# Welcome!

Welcome to your self-guided tour through David Degnan/Lisa Bramer's R and Python Bootcamp for data science! We are data scientists at Pacific Northwest National Laboratory and bioinformatics/biostatistics professors at the University of Oregon. This lecture series has been adapted from several R/Python teaching workshops. If you experience any issues, please reach out to David at david.degnan@pnnl.gov

*More about the authors:* [David Degnan](https://www.pnnl.gov/people/david-degnan), [Lisa Bramer](https://www.pnnl.gov/people/lisa-bramer)

## How does this work?

You are currently in a jupyter notebook. These notebooks are divided into two sections. A text section (which you are currently reading) and a code section (examples below). Code sections allow you to run code by hitting the play button.
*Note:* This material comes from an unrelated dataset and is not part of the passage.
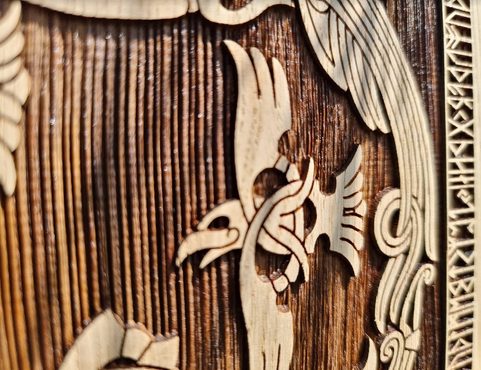 RAVEN MOON WALL DECORATION 45CM OAK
You may write your own code in these sections too. Note that you are on your own notebook server at this moment, which means no one else can access/see what you are doing. It also means you are free to play with any code you want to, and you will not mess up other folks' notebooks. It does mean that any notes you type in here will not be saved, so write them elsewhere. This notebook is in R and contains the R introductory tutorials.

## Table of Contents

[R Lecture Series](https://colab.research.google.com/drive/1KxavcX4LKEUp2krw8rbxaLSiO6kEDvEP?usp=sharing) - Click the table of contents on the left to skip to lectures

[Python Lecture Series - This Notebook](https://colab.research.google.com/drive/1h7mr_7IAkueWS2tT1D9XEoKFTvOzpq7v?usp=sharing)



---



# Python Lecture 1: Variables, Expressions, and Statements

See: https://greenteapress.com/thinkpython2/html/index.html for the full book

## Section 1.1 Python as a Calculator

Just like R, python can be thought of as a calculator. The exponential symbol is different, but for the most part, the math symbols are the same:


| **Operation**         | **R Symbol**    | **Python Symbol** |
|-----------------------|-----------------|--------------------|
| Addition              | `+`            | `+`               |
| Subtraction           | `-`            | `-`               |
| Multiplication        | `*`            | `*`               |
| Division              | `/`            | `/`               |
| Exponentiation        | `^`            | `**`              |

Note that python also follows the rules of PEMDAS, so be careful! Note that comments are written with the pound sign (#) just like in R.

In [1]:
# Take 3 to the exponenet of the product of 2 and 4
3 ** (2*4)

6561

In [24]:
# Calculate the quotient
105 // 60

1

In [25]:
# Calculate the remainder
105 % 60

45

## Section 1.2 Assigning Variables

Variables cannot start with a number, include a symbol, or can not simply be from this list of words used for base functions in python:

> False, class, in, finally, is, return, None, continue, for, lambda, try, True, def, from, nonlocal, while, and , del ,global, not, with, as, elif, if, or, yield, assert, else, import, pass, break, except, in, raise

These are some examples of unacceptable variable names:

76trombones = 'big parade'
more@ = 1000000
class = 'Advanced Theoretical Zymurgy'

And some examples of good ones:

In [2]:
message = 'And now for something completely different'
n = 17
pi = 3.1415926535897932

In [3]:
# To see your variable, call it or print it
message

'And now for something completely different'

In [4]:
print(n)

17


In [5]:
# Note that if you simply call it, python will only show the most recent call
n
pi

3.141592653589793

In [6]:
# To avoid this, print both
print(n)
print(pi)

17
3.141592653589793


In [7]:
# You can use a saved variable in an equation
miles = 26.2
miles * 1.61

42.182

## Section 1.3 Python Types

| **Type**      | **Description**                                           | **Example**          |
|---------------|-----------------------------------------------------------|----------------------|
| **int**       | Whole numbers                             | `x = 42`            |
| **float**     | Decimals                              | `x = 3.14`          |
| **str**       | String of text or characters               | `x = "hello"`        |
| **bool**      |  `True` or `False`.          | `x = True`          |
| **NoneType**  | Represents the absence of a value or a "null" value.     | `x = None`          |

In [8]:
type(42)

int

In [9]:
type(42.0)

float

In [10]:
# Make an integer with int. Note: it floors values
int(3.999999)

3

In [11]:
# If it can convert an object type, it will
float('3.14159')

3.14159

In [12]:
str(32)

'32'

In [23]:
# None is its own type
type(None)

NoneType

# Python Lecture 2: Functions & Advanced Math

Oftentimes, we need to do more than just the basic math operations in a coding language.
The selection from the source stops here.